Tuesday, June 7, 2011
Nigel Edwards (nedwards_1) on Twitter
d nedwards_1 Thank you for the ticking off! The reality I refer to is the consulting room where I spend nearly all my time. IMHO, health service management should make my life easier not harder. The sole reason that health service management exists is the presence of Doctors. Everything about healthcare has evolved to bring doctors into line especially with the managed healthcare systems that have evolved. Without doctors healthcare is nothing. Even so, please point me to sources to improve my understanding of the larger picture. In short, healthcare professionals need to be freed up to deliver healthcare, not overburdened with ticking boxes and form filling. Finally, the competition issue is spurious. In Australia rural healthcare centres work on a hub and spoke model because the centres of excellence are so far away.
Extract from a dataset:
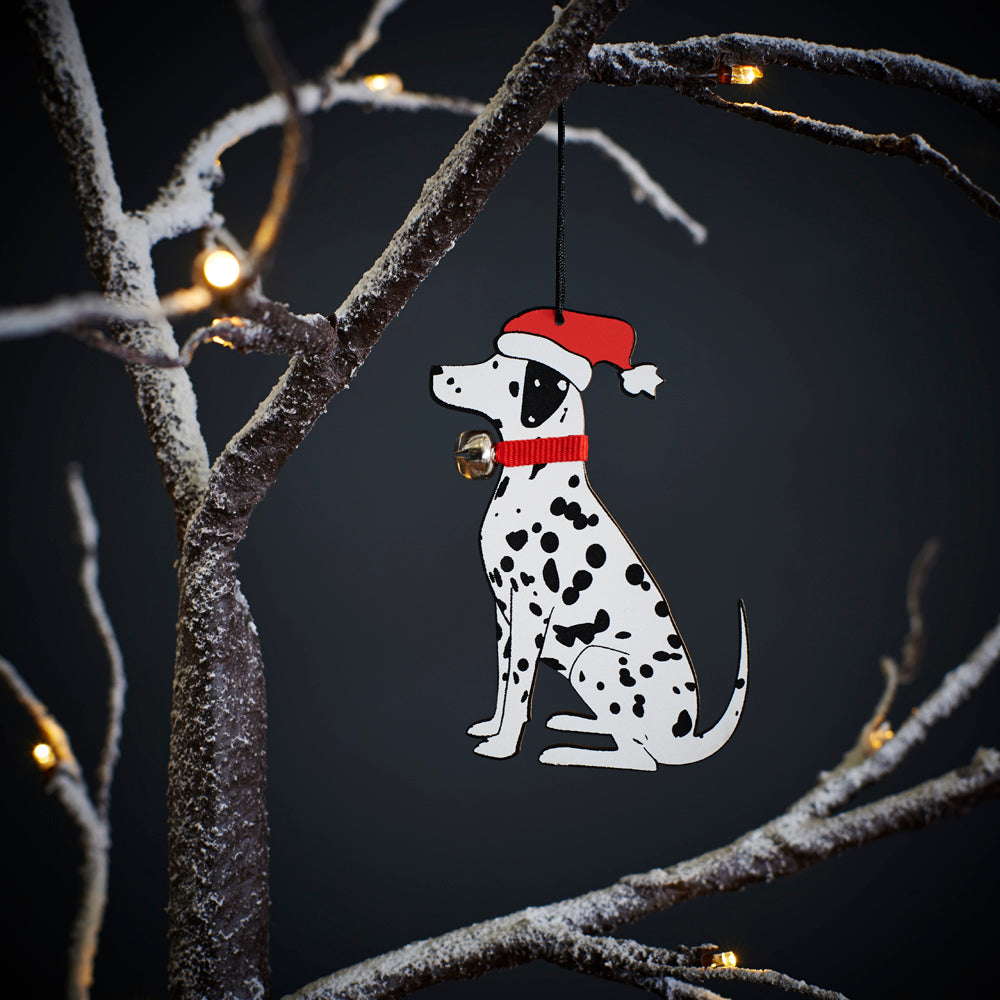 Dalmatian Christmas tree decoration hanging on lit winter tree — wooden dog decoration with Father Christmas hat and jingle bell collar by Sweet William Designs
The model of organisation is based on the premise that a unified accounting system improves financial management and then the imaging and pathology systems are folded into that architecture with the clinical guidelines/referral pathways following. An example of 'following the money' as a recipe for success. So successful in fact that this model is being repeated for the higher education system in Australia. Here in the UK we are blinded by the proximity of everything. To my mind, a more honest assessment of the available skill set in district general hospitals is needed to better prepare for the healthcare needs of a district. More collapboration, and less competition, between nearby hospitals (similar to the cancer network model) may prove more efficient than the current system for most conditions. GPs are NOT physicians. We cannot be expected to deliver the level of assessment a specialist can in the time available for each patient. It is not fair on the patient, and certainly not fair to the GPs.